[Start of Attachment]
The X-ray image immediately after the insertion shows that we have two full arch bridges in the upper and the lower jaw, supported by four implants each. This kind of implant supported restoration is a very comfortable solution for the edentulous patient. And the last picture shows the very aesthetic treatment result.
[End of Attachment]
[Start of Attachment]
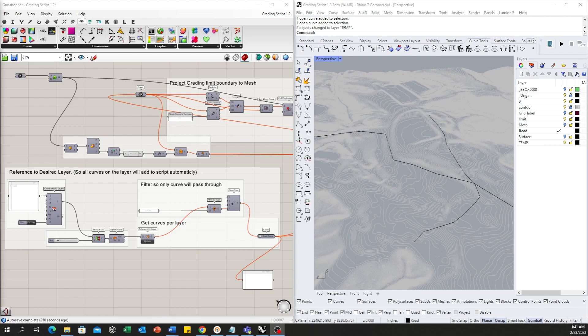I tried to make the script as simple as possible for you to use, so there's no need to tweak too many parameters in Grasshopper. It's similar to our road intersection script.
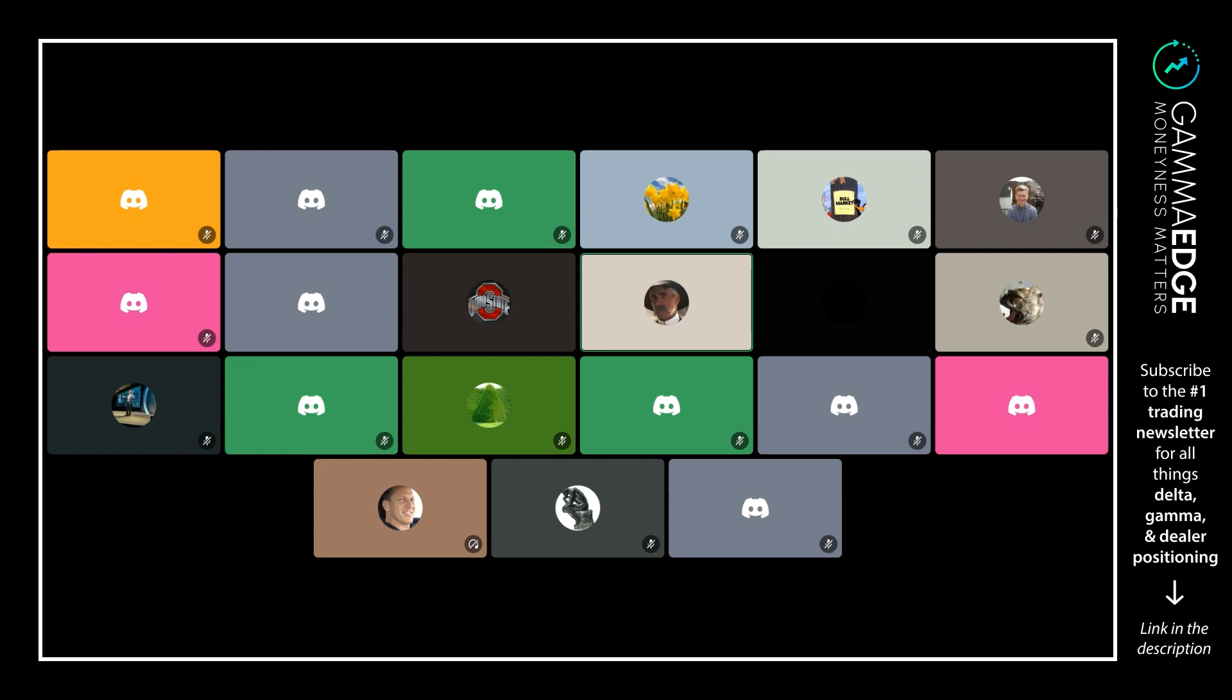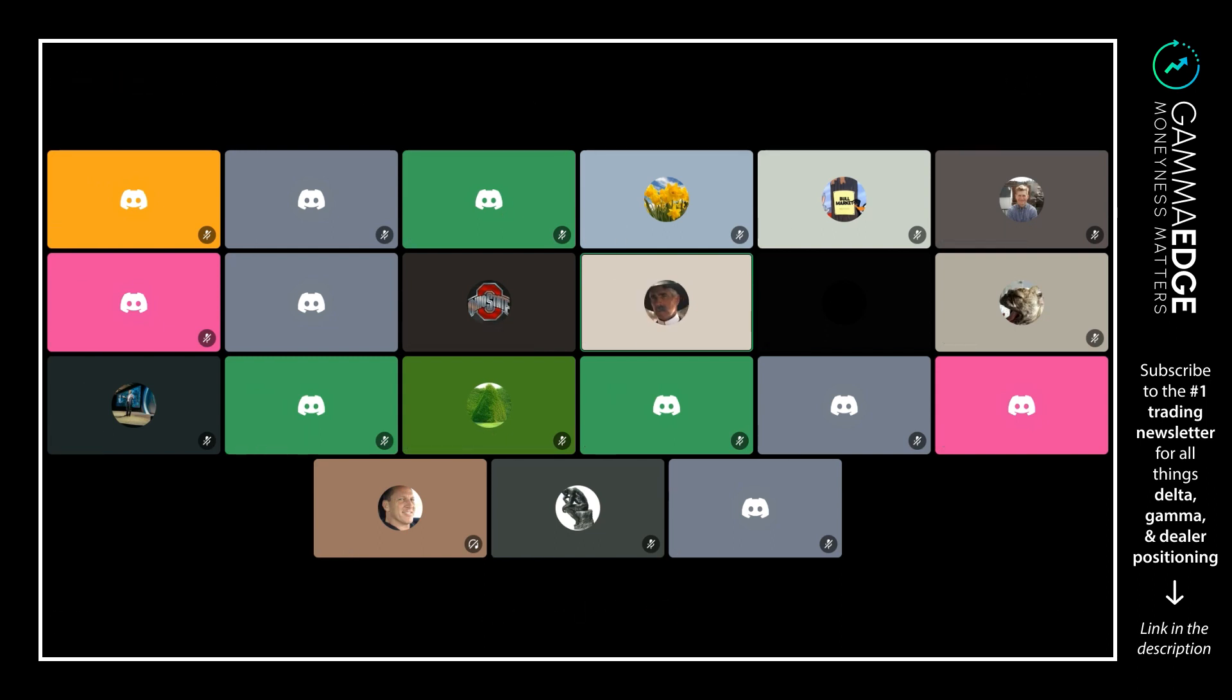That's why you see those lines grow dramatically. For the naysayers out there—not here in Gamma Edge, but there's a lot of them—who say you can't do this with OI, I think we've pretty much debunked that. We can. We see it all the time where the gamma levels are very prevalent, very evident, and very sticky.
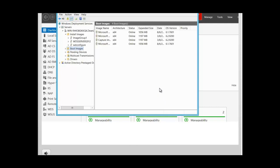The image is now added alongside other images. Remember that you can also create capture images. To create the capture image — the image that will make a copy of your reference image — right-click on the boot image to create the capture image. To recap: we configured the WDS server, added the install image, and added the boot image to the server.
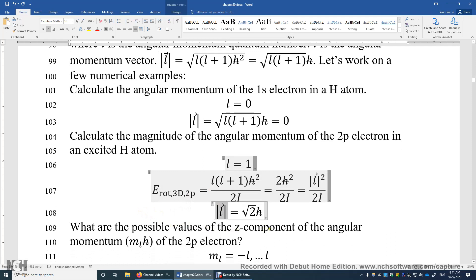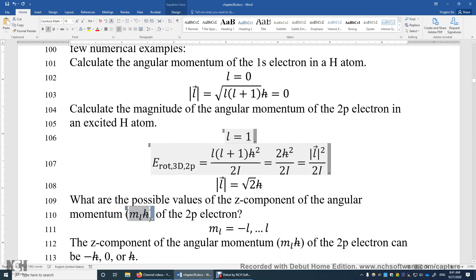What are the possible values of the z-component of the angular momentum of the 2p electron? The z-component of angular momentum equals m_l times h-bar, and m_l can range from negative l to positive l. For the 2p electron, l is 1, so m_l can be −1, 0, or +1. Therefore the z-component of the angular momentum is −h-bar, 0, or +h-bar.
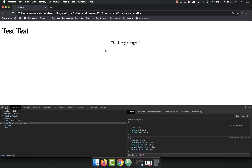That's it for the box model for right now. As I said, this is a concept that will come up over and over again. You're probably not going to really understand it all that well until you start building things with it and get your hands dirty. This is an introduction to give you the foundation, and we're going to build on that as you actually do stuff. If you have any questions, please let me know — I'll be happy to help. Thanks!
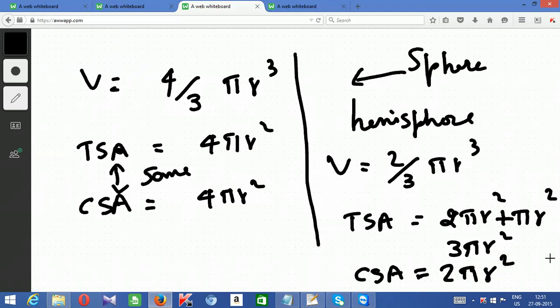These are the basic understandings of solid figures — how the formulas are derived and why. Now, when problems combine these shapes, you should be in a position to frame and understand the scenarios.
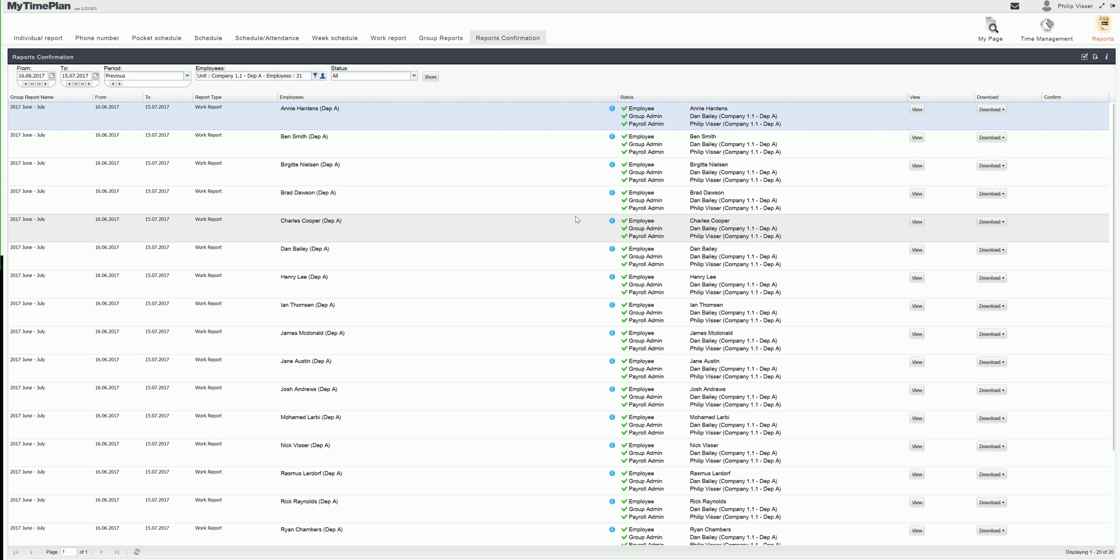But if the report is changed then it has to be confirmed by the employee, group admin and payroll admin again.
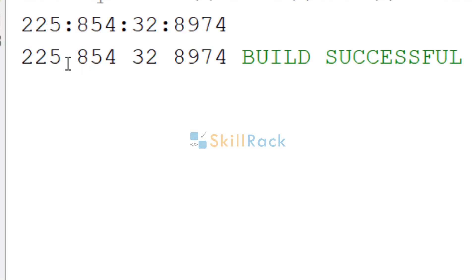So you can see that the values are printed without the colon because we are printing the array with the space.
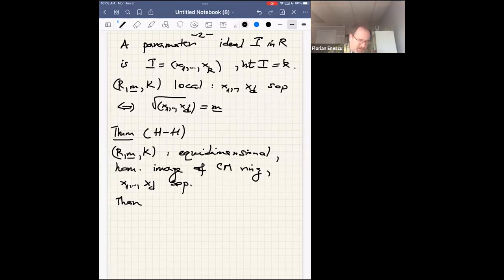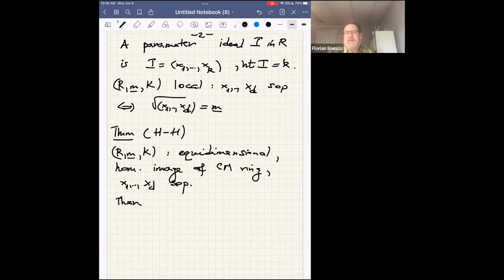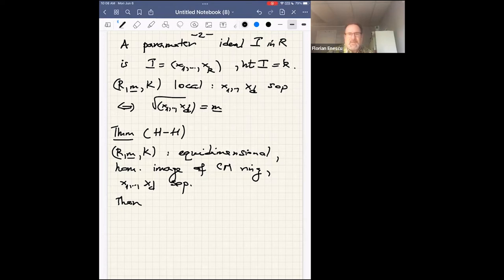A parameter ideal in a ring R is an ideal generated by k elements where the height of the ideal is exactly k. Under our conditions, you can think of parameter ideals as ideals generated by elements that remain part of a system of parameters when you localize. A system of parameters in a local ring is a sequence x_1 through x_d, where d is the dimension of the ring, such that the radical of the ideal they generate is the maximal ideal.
[End of Attachment]
Exercise details: The lines to set down run from the line with "The image is" up to and including the line with "That's it for" in the entries above. Reproduce them exactly, with no pictures.

Solution for this exercise:
The image is now added alongside other images. Remember that you can also create capture images. To create the capture image — the image that will make a copy of your reference image — right-click on the boot image to create the capture image. To recap: we configured the WDS server, added the install image, and added the boot image to the server.
What are the possible values of the z-component of the angular momentum of the 2p electron? The z-component of angular momentum equals m_l times h-bar, and m_l can range from negative l to positive l. For the 2p electron, l is 1, so m_l can be −1, 0, or +1. Therefore the z-component of the angular momentum is −h-bar, 0, or +h-bar.
That's it for the box model for right now. As I said, this is a concept that will come up over and over again. You're probably not going to really understand it all that well until you start building things with it and get your hands dirty. This is an introduction to give you the foundation, and we're going to build on that as you actually do stuff. If you have any questions, please let me know — I'll be happy to help. Thanks!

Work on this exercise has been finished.